### ACTIVITY
Leave out the pictures, and write out exactly the lines from the beginning of the material to the line holding "Beautiful & Spacious", that line included, and nothing else.

### SUPPLIED INFORMATION

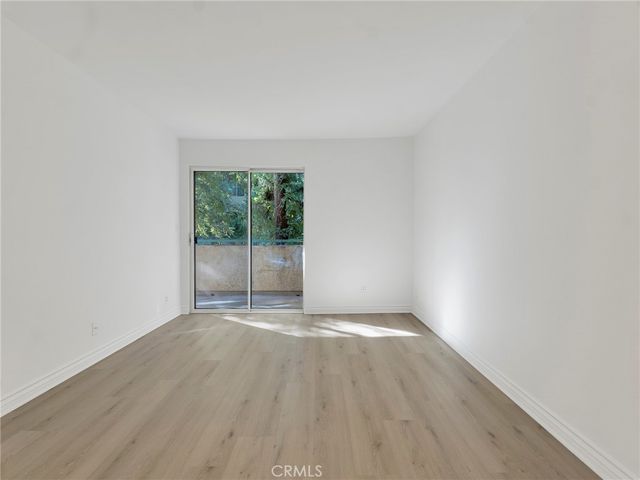 7800 Topanga Blvd. 216, Canoga Park, CA 91304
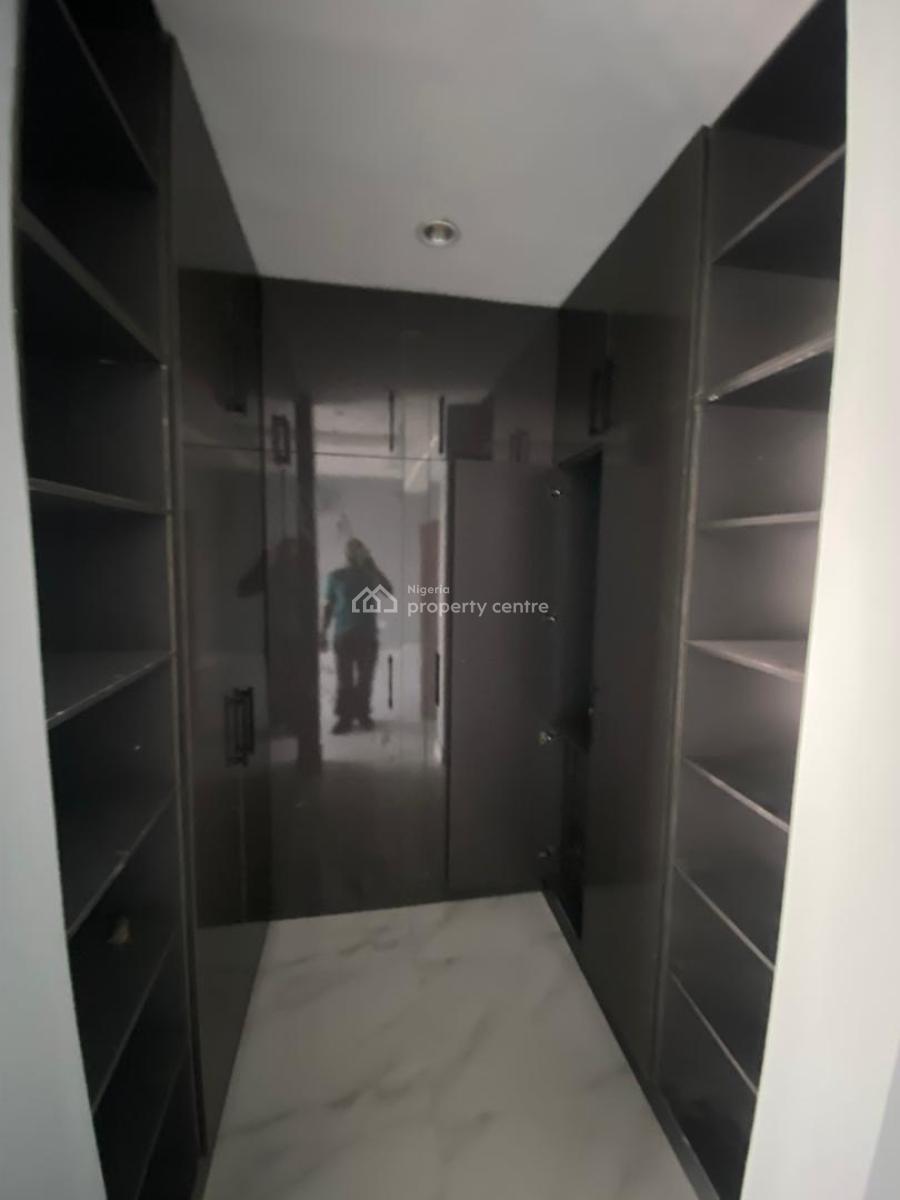 Beautiful & Spacious 4 Bedroom Fully Serviced Terrace Duplex with Bq, Lekki Phase 1, Lekki, Lagos, Terraced Duplex for Rent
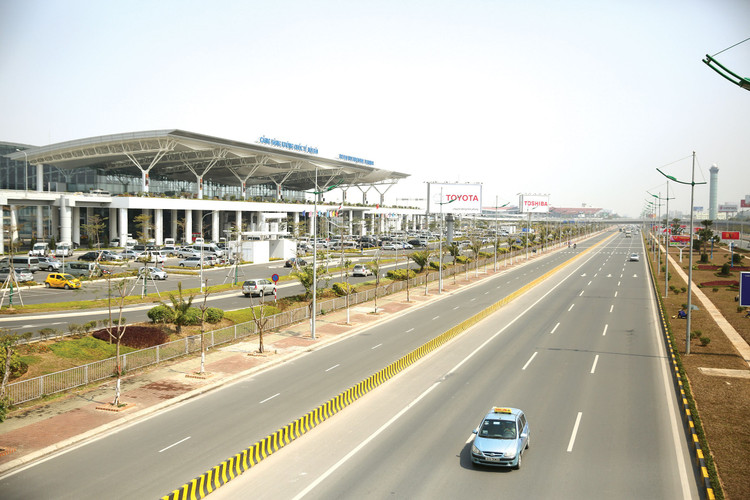 Bộ Xây dựng được giao nghiên cứu bổ sung quy định về việc giao Chính phủ quy định chi tiết thủ tục đầu tư các dự án cảng hàng không, sân bay. Ảnh: Lê Tiên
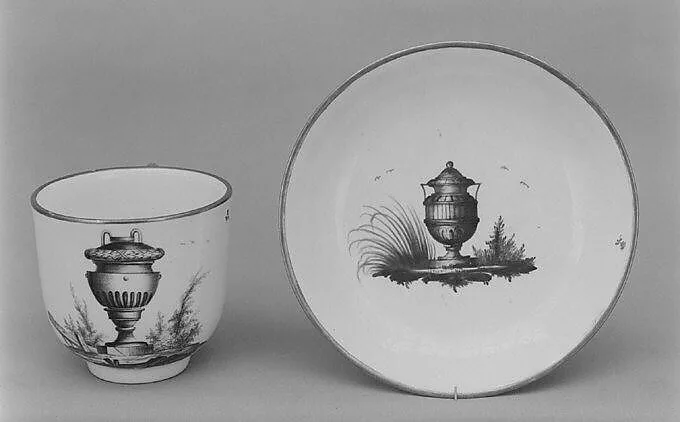 Cup and saucer — Fulda Pottery and Porcelain Manufactory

### EXERCISE OUTPUT
 7800 Topanga Blvd. 216, Canoga Park, CA 91304
 Beautiful & Spacious 4 Bedroom Fully Serviced Terrace Duplex with Bq, Lekki Phase 1, Lekki, Lagos, Terraced Duplex for Rent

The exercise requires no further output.